La progression du billet vert vendredi s'est accompagnée d'une remontée des rendements du Trésor américain, qui ont atteint des sommets d'un an, les traders renforçant leurs anticipations d'un resserrement monétaire de la Fed d'ici la fin de l'année.

Le rallye du dollar américain a pris de l'ampleur tout au long de la semaine, soutenu par des indicateurs prouvant que, malgré une inflation domestique persistante, l'économie américaine reste résiliente en dépit du conflit en cours au Moyen-Orient.

'Le dollar rattrape les solides données publiées cette semaine', a déclaré Francesco Pesole, stratégiste de change chez ING.

'On a le sentiment qu'il y a une prise de conscience que la situation des États-Unis face à une crise énergétique pourrait s'avérer bien meilleure que dans de nombreuses autres régions du monde.'

Les données de jeudi ont montré que les ventes au détail aux États-Unis ont continué de croître en avril, tandis que les chiffres hebdomadaires des inscriptions au chômage ont témoigné de la stabilité du marché du travail.

Les investisseurs intègrent désormais une probabilité de plus de 55% de voir la Fed relever ses taux d'ici décembre, contre moins de 20% il y a une semaine, selon l'outil FedWatch du CME.

Face à un panier de devises, le dollar a atteint un plus haut de plus d'un mois à 99,29, avant de refluer légèrement. Il affiche toujours une hausse de 1,2% sur la semaine, sa plus forte progression hebdomadaire depuis début mars.

L'euro est tombé à un plus bas d'un mois à 1,1617 dollar, avant de rebondir modestement.
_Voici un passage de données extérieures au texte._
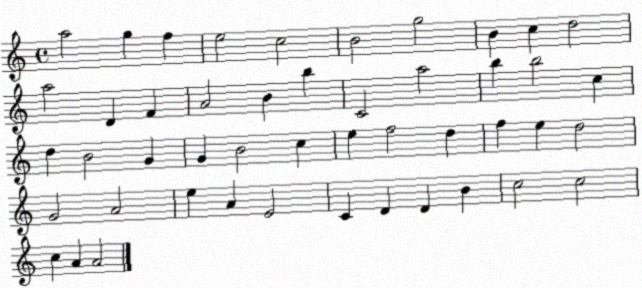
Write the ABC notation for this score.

X:1
T:Untitled
M:4/4
L:1/4
K:C
a2 g f e2 c2 B2 g2 B c d2 a2 D F A2 B b C2 a2 b b2 c d B2 G G B2 c e f2 d f e d2 G2 A2 e A E2 C D D B c2 c2 c A A2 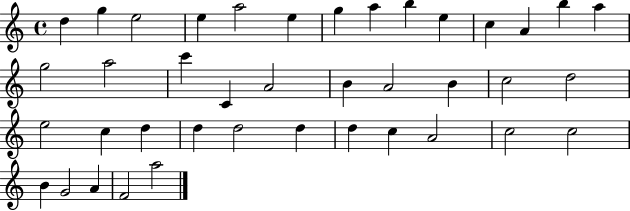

La monnaie unique s'apprête à céder 1,1% sur la semaine.

Le yen est resté quasi inchangé, se maintenant au-delà du seuil des 158 pour un dollar, malgré des données nationales signalant un pic de l'inflation de gros, ce qui renforce les arguments en faveur d'une hausse des taux de la Banque du Japon dès le mois de juin.
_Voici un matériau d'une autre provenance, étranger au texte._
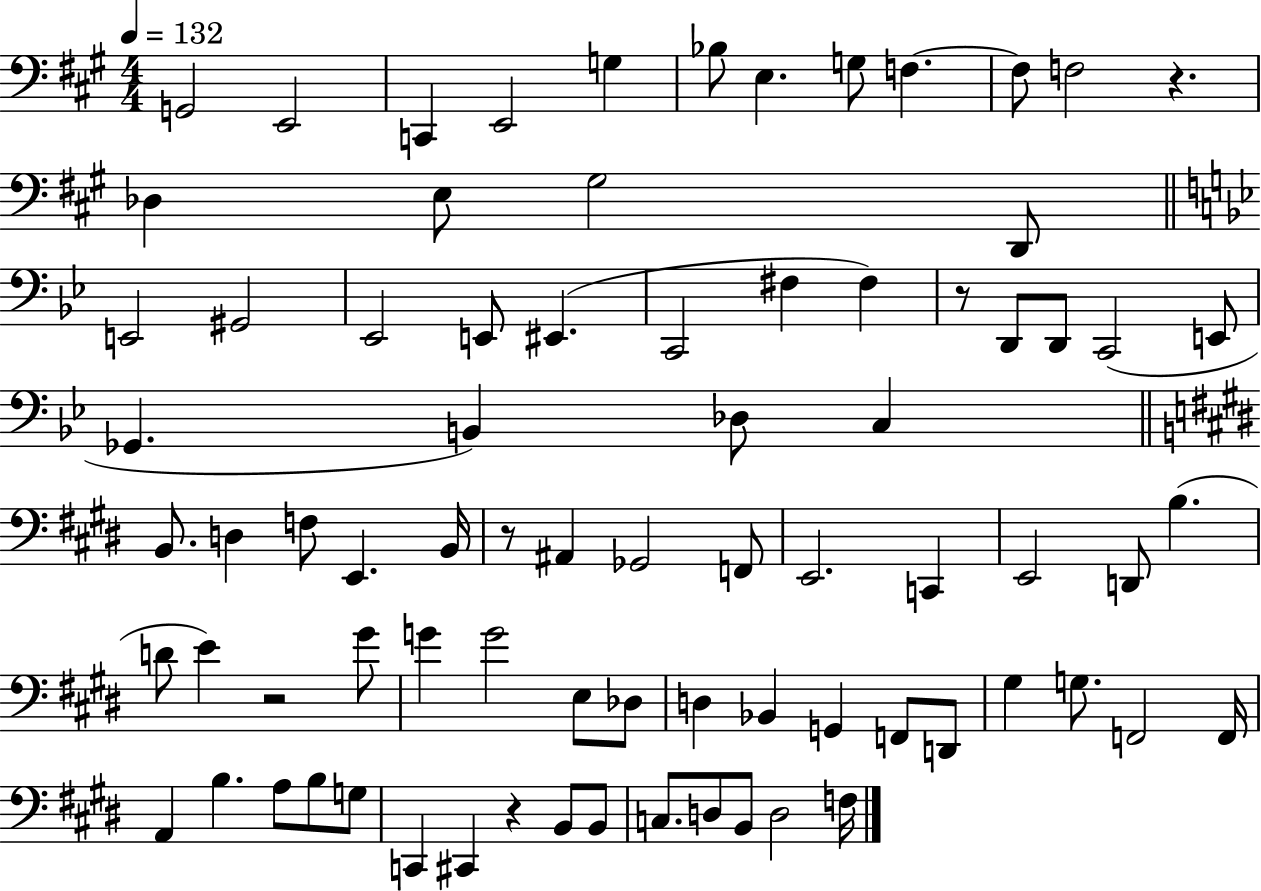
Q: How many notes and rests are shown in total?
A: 79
La livre sterling a touché son plus bas niveau en cinq semaines face au dollar et s'achemine vers sa plus forte baisse hebdomadaire depuis novembre 2024, alors que le Premier ministre Keir Starmer lutte pour se maintenir au pouvoir après les résultats désastreux des élections locales la semaine dernière.

Les marchés craignent qu'un nouveau dirigeant, tel que le maire du Grand Manchester Andy Burnham ou l'ancienne vice-Première ministre Angela Rayner, ne privilégie une politique budgétaire plus accommodante.

La livre s'échangeait en dernier lieu en baisse de 0,2% à 1,3378 dollar, accusant un repli de 1,9% sur la semaine, sa plus forte chute hebdomadaire depuis novembre 2024.

'Si l'on regarde le mouvement (de la livre) au cours des dernières 24 heures, il est environ 50% dicté par le dollar et 50% par la livre', a précisé M. Pesole d'ING.

'L'inquiétude pour les gilts et la livre concernait principalement Andy Burnham. S'il se lance dans une course à la direction, la livre restera sous pression jusqu'à ce qu'il clarifie sa position budgétaire de manière plus favorable aux marchés.'

SOMMET TRUMP-XI

Par ailleurs, les marchés n'ont guère réagi au sommet de deux jours très suivi entre le président américain Donald Trump et son homologue chinois Xi Jinping, qui s'est achevé vendredi. Pékin a mis en garde Washington contre une mauvaise gestion du dossier Taïwan et a déclaré que la guerre en Iran n'aurait jamais dû commencer.

Le yuan onshore a reflué de son plus haut niveau face au dollar en plus de trois ans en raison de la force généralisée du billet vert, s'établissant en dernier lieu à 6,8021. Son homologue offshore a reculé de 0,3% à 6,8067.

Trump a déclaré que sa patience à l'égard de l'Iran s'épuisait, ajoutant que lui et Xi ne voulaient pas que l'Iran dispose de l'arme nucléaire et 'souhaitaient que les détroits restent ouverts'.

Le ministre iranien des Affaires étrangères, Abbas Araqchi, a déclaré vendredi que Téhéran avait reçu des messages des États-Unis demandant la poursuite des discussions, mais que la République islamique ne négocierait que si les États-Unis étaient sérieux.